## TASK BRIEF
Leave out the images and return all the data word for word.

## COLLECTED DATA
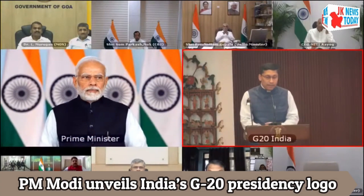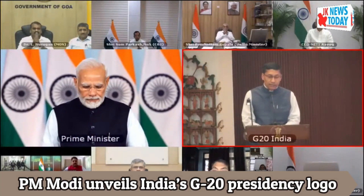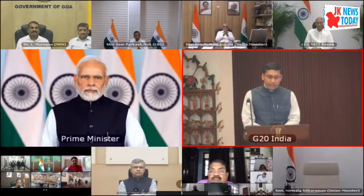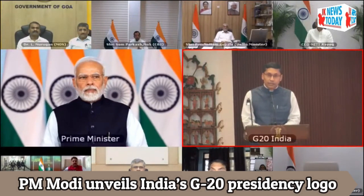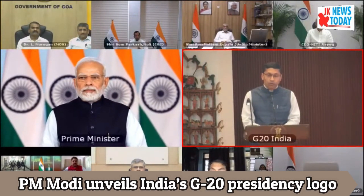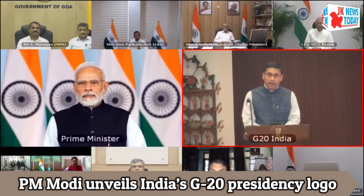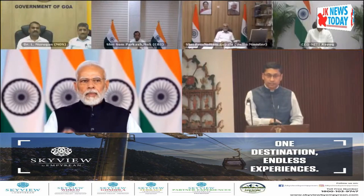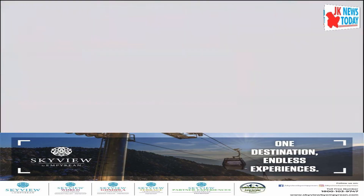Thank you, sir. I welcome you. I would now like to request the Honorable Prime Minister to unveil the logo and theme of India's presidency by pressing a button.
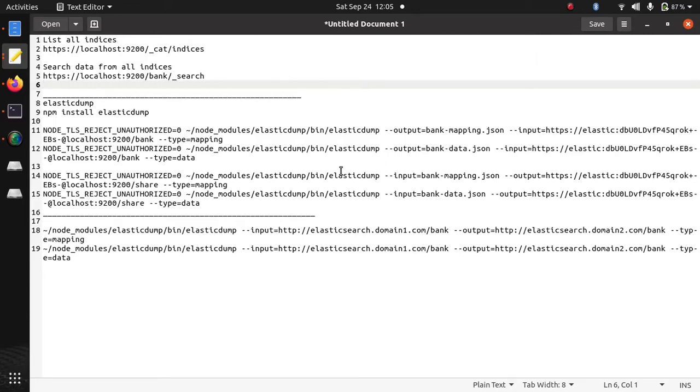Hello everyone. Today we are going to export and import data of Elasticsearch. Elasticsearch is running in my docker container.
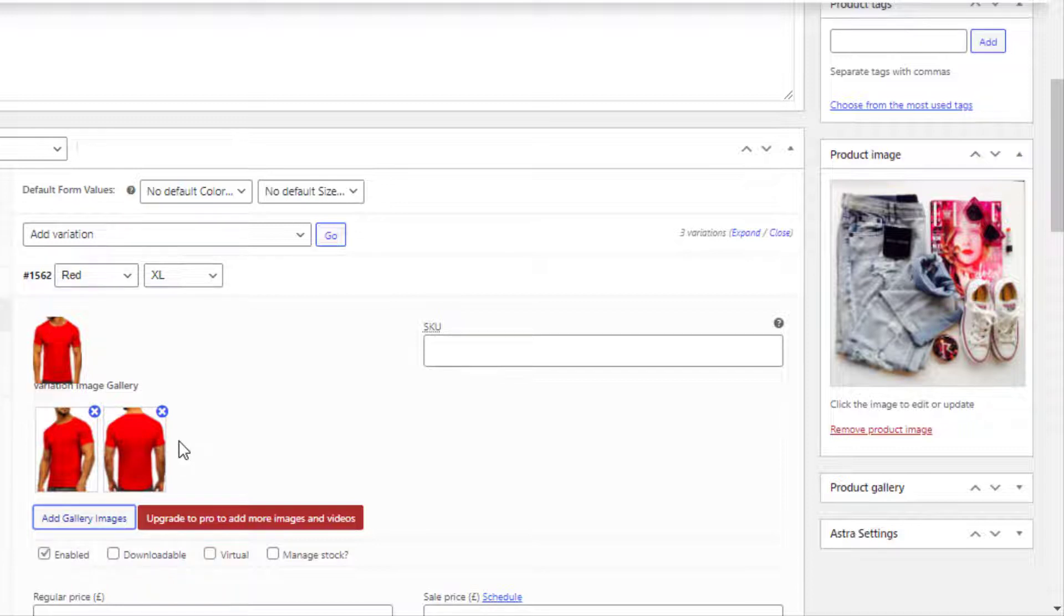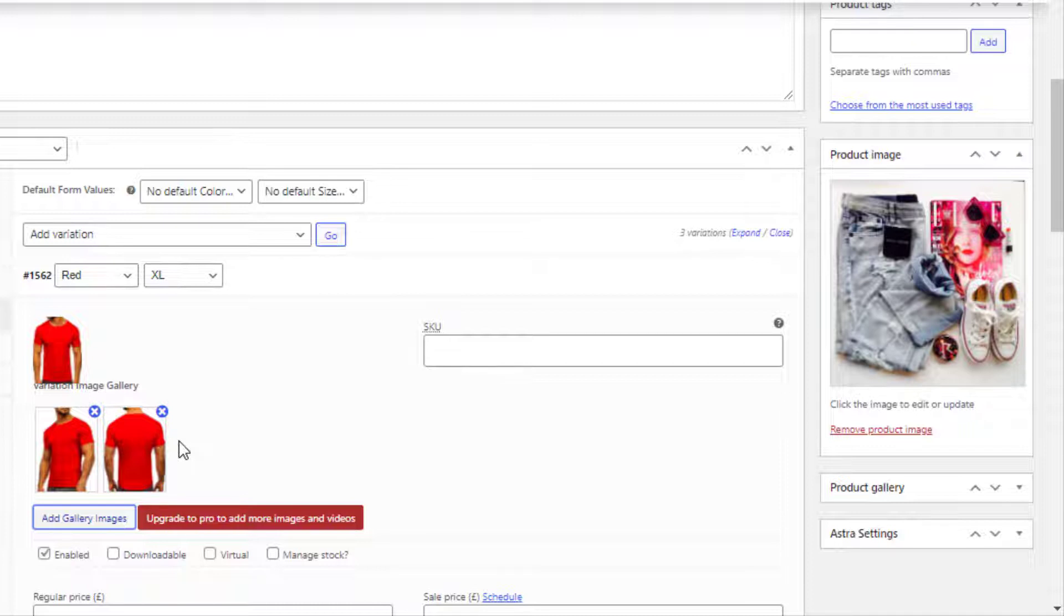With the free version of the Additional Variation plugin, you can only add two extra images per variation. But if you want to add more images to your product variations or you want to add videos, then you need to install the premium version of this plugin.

## RESULT OF THIS TASK
Thank you, sir. I welcome you. I would now like to request the Honorable Prime Minister to unveil the logo and theme of India's presidency by pressing a button.
Hello everyone. Today we are going to export and import data of Elasticsearch. Elasticsearch is running in my docker container.
With the free version of the Additional Variation plugin, you can only add two extra images per variation. But if you want to add more images to your product variations or you want to add videos, then you need to install the premium version of this plugin.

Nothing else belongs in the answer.